● **Requirement**
The entries are to be reproduced verbatim, with all pictures omitted.

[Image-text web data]
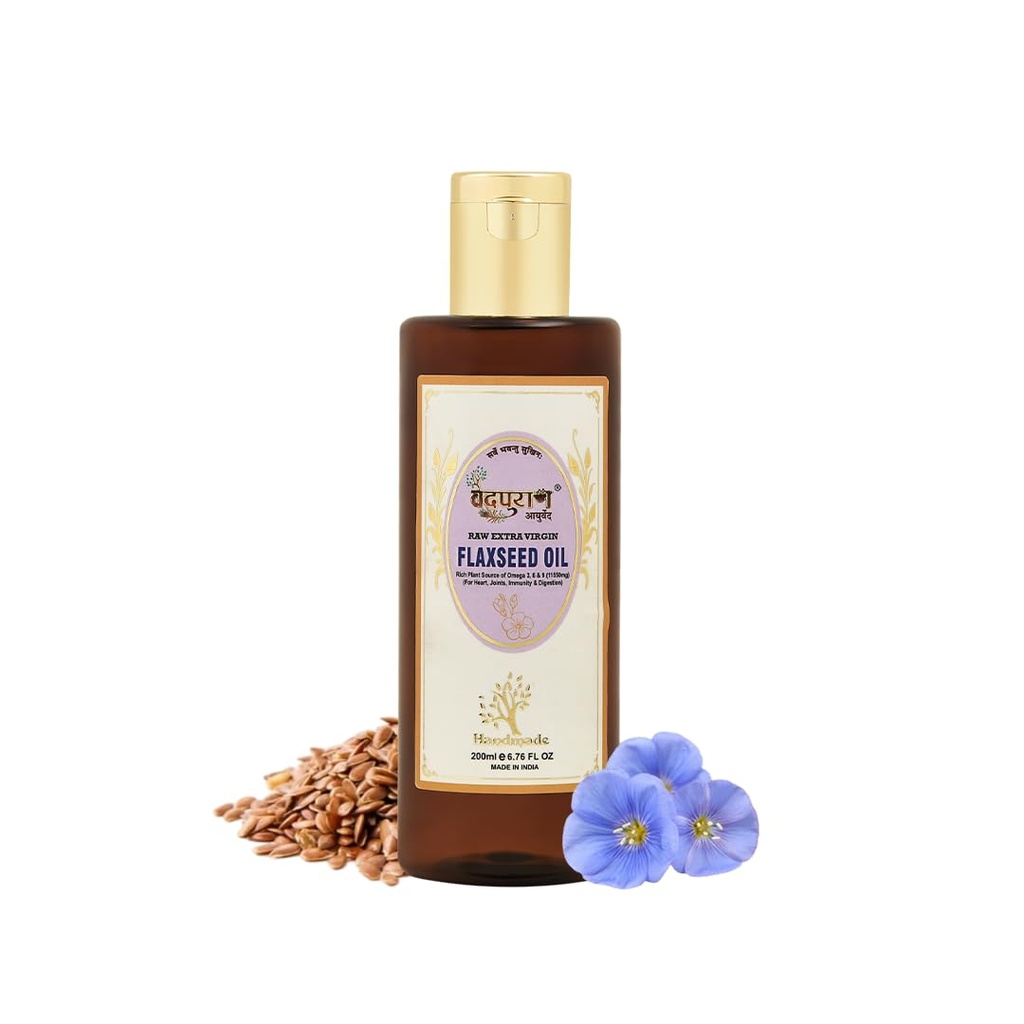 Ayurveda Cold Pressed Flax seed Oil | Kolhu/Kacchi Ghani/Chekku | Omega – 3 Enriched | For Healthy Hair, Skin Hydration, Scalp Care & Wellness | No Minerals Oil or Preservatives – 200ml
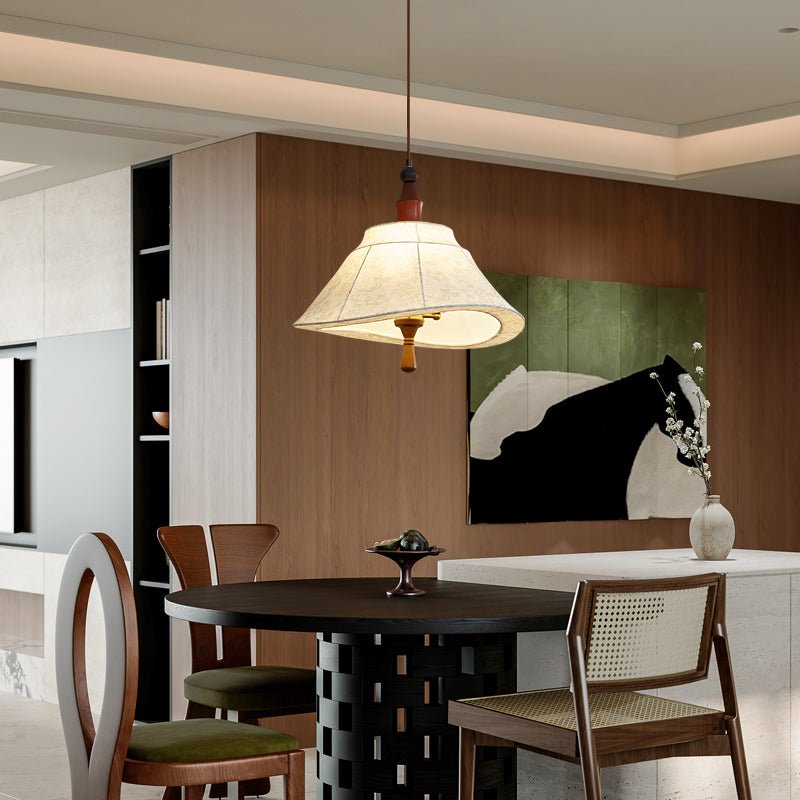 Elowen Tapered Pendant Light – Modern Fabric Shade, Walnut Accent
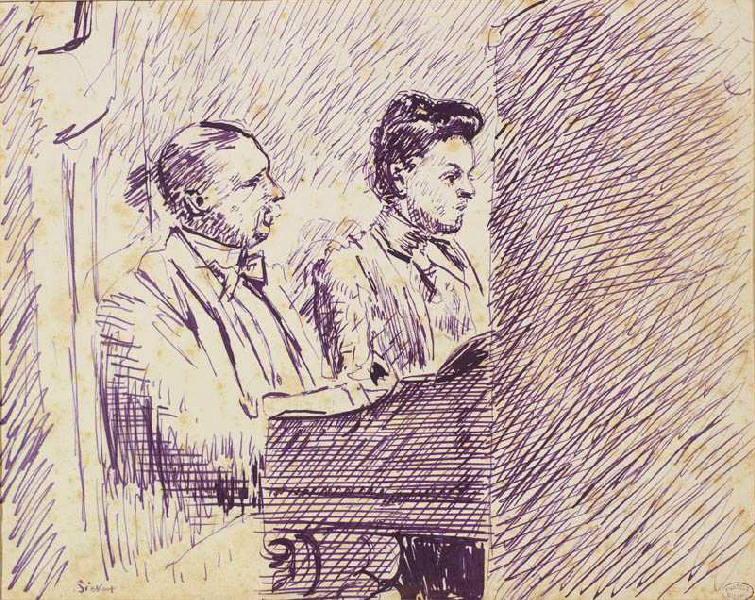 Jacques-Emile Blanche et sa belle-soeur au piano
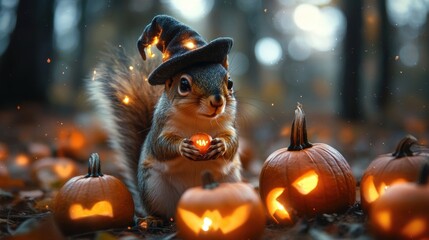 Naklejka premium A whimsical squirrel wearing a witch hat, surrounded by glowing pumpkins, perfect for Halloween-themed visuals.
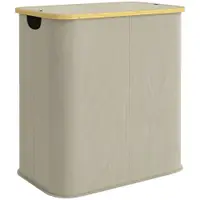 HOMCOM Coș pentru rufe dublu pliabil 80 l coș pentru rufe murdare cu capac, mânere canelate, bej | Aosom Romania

● **Reply**
 Ayurveda Cold Pressed Flax seed Oil | Kolhu/Kacchi Ghani/Chekku | Omega – 3 Enriched | For Healthy Hair, Skin Hydration, Scalp Care & Wellness | No Minerals Oil or Preservatives – 200ml
 Elowen Tapered Pendant Light – Modern Fabric Shade, Walnut Accent
 Jacques-Emile Blanche et sa belle-soeur au piano
 Naklejka premium A whimsical squirrel wearing a witch hat, surrounded by glowing pumpkins, perfect for Halloween-themed visuals.
 HOMCOM Coș pentru rufe dublu pliabil 80 l coș pentru rufe murdare cu capac, mânere canelate, bej | Aosom Romania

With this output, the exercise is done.